In addition, the accuracy of the registration process influences the data quality. After each pairwise alignment of images or scans a residual error remains, which accumulates with the amount of alignments and thus, can influence the quality of the result. Hence, a larger field of view of the capturing sensor with more geometrical information in one shot allows reducing the errors of the registration process.

Range.

As discussed above, the data quality usually decreases with further distance to the instrument, especially regarding the resolution and focal point. In addition, over longer ranges, less emitted light returns to the instrument, which increases the range noise (error in depth) in the data in an almost linear relation, similar to angular errors. While decision makers often focus on the maximum range an instrument can cover, the importance of the minimum range is often underestimated. In narrow and tiny spaces, such as corridors and technical rooms, a larger minimum range can leave larger blank areas in the data, see Fig. 7. These holes require filling with data from additional setups.

Fig. 7.

Data loss (magenta) by min. Range at 30 cm (left) and 60 cm (right) inside a tight space.

Accuracies.

Each instrument is subject to certain accuracies, which manufacturers of professional equipment should specify in an appropriate data sheet. High-level devices allow verifying at any time in their life cycle, whether the accuracies stated in the data sheet are valid and offer the possibility of calibration by the manufacturer, or alternative countermeasures.

Measuring Time.

Another fundamental factor for data quality is the measuring time, or data rate as it strongly affects the range noise in the data.
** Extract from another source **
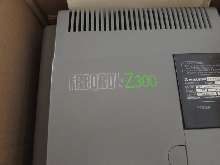 Частотный преобразователь Mitsubishi Freqrol Z300 Frequenzumrichter FR-Z320-5.5K-AW UNUSED BOX 7.5H 230V фото на Industry-Pilot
For passive optical sensors, such as cameras, mainly the exposure time and sensor sensitivity determines how dark and noisy the image is.
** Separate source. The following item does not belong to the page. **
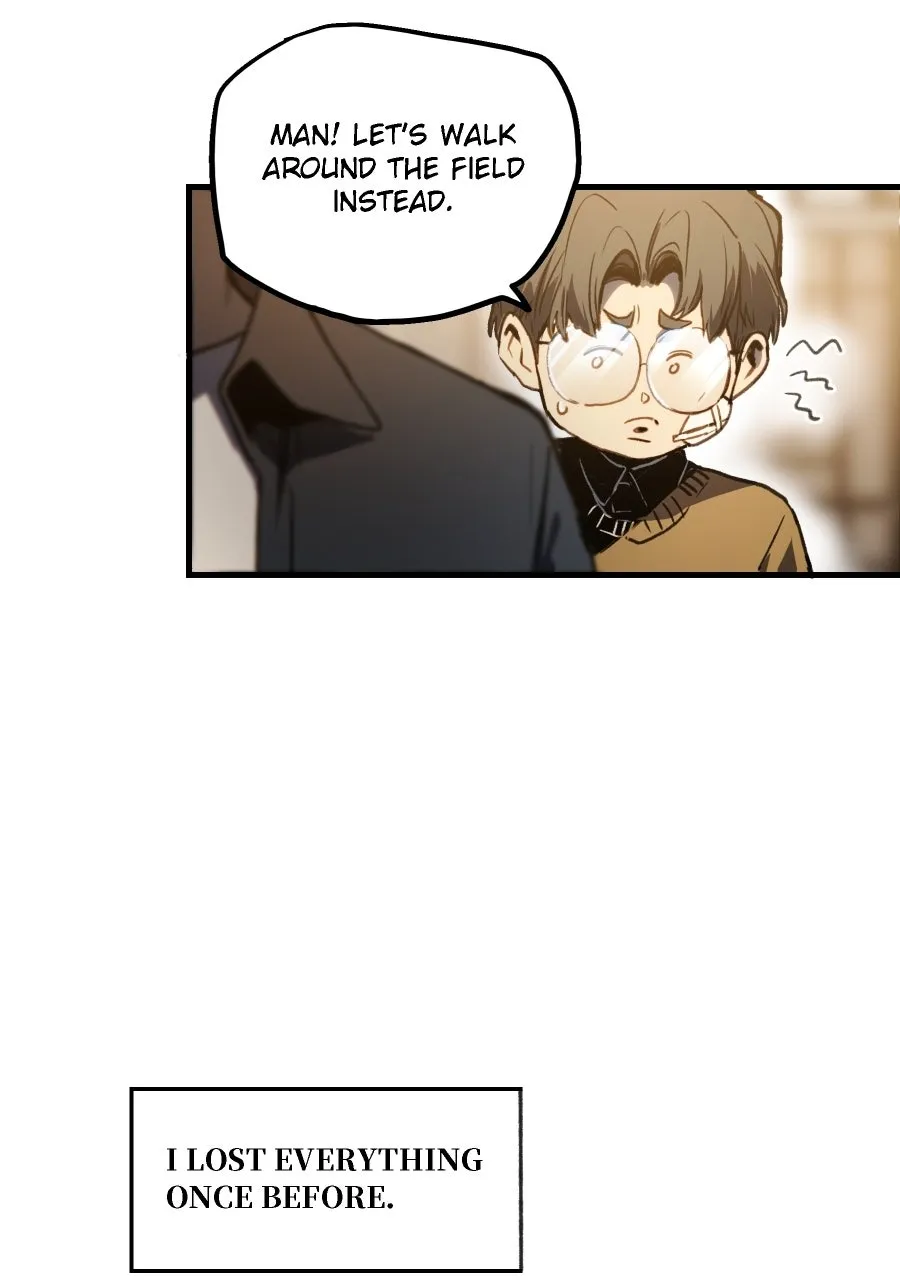 The Glutton:Devourer of Kings Chapter 1 page 137 -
For active laser scanners, the data rate (amount of measurements per second) has a similar impact. A higher rate leaves less measuring time per pixel, which increasingly causes more range noise. Therefore, a lower data rate leads to less range noise and subsequently to higher quality of the data (Fig. 8).
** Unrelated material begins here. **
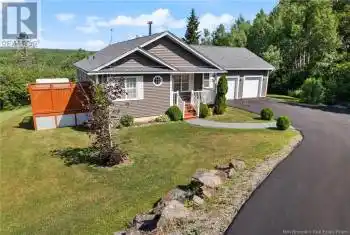 686 Drurys Cove Road, Sussex, New Brunswick E4E3L2, 3 Bedrooms Bedrooms, ,3 BathroomsBathrooms,All Houses,For Sale,686 Drurys Cove Road,NB102635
In this context, it is important to be aware that the resolution setting of laser scanners entail a higher data rate setting in the background, which will increase the range noise, typically by factor 1.4x. Only a few instruments allow adjusting the data rate via a quality setting to compensate that effect. However, this of course implies a longer scanning time. Therefore, with respect to an optimum of accuracy, data volume and scanning time, the resolution should not exceed the real needs.

Fig. 8.

Noise at data rates: fast (left) - slow (right). Panagia Church of Asinou (Cyprus)¹.

2.2 Challenging Object Properties

The complexity and data quality depend also on the object properties.

Shape.

The shape of the object is a key factor for the setup configuration. Comparing to a flat shape captured frontally from very few positions, a staggered shape with concavities and convexities requires multiple setups from different perspective and vantage points in order to cover the shaded sides. Each scan or photo contributes and provides data to fill in gap-areas, shadowed from previous viewpoints (Fig. 9).

Fig. 9.

Shadow effect on the survey data by staggered surfaces (tympanum and jamb figures at Cologne Cathedral, west portal) and with filled gapsFootnote

Courtesy by 3DOM: Fresenius Univ. Köln, Heriot-Watt Univ. Edinburgh, Dombauh. Köln.

.

Depending on the accessibility and the movability of the object, as well as the limitations of the used technology, some cavities might not be documented at all or require the usage of different technology.

Dimensions.

The physical dimensions of the object have a direct impact on the complexity due to the need of more scan data, like additional small pieces in a big puzzle (Fig. 10). The position and orientation of all these tiles need to be established and each one needs to share sufficient data with others in order to fit together. Each alignment introduces a residual error, which then may accumulate over the entire project.

Fig. 10.

Cologne Cathedral: point cloud of the north elevation with the urban context. Scanner setup positions on the roof (right). Geometrical identities due to large-scale symmetries require a sophisticated project structure for the correct assembling of scans.²

Whilst the multiplication of capturing positions at ground level mostly faces organizational questions, the multiplication on vertical levels quickly leads to physical limitations and cutbacks in coverage and data quality.

Fig. 11.

Alignment of three 3D scans. Result (left) and single scans (right).

Symmetry.

Especially on a large scale - geometric symmetry challenges algorithms and users, when trying to align the pieces together (see Fig. 11) and the likelihood of a false alignment increases. Thus, more time is needed for the alignment and makes a thorough check of the data even more important.

Material.

The data quality largely depends on object materials. Thus, it is important to be aware of its properties and effects on technology when choosing the appropriate digitization system. In this context, the reflectivity of an object is the most crucial factor. The more reflective, the more light returns to the instrument, and within limits, the data will be less noisy. On the other side, less light is returned by dark or distant surfaces, which leads to an increase in noise.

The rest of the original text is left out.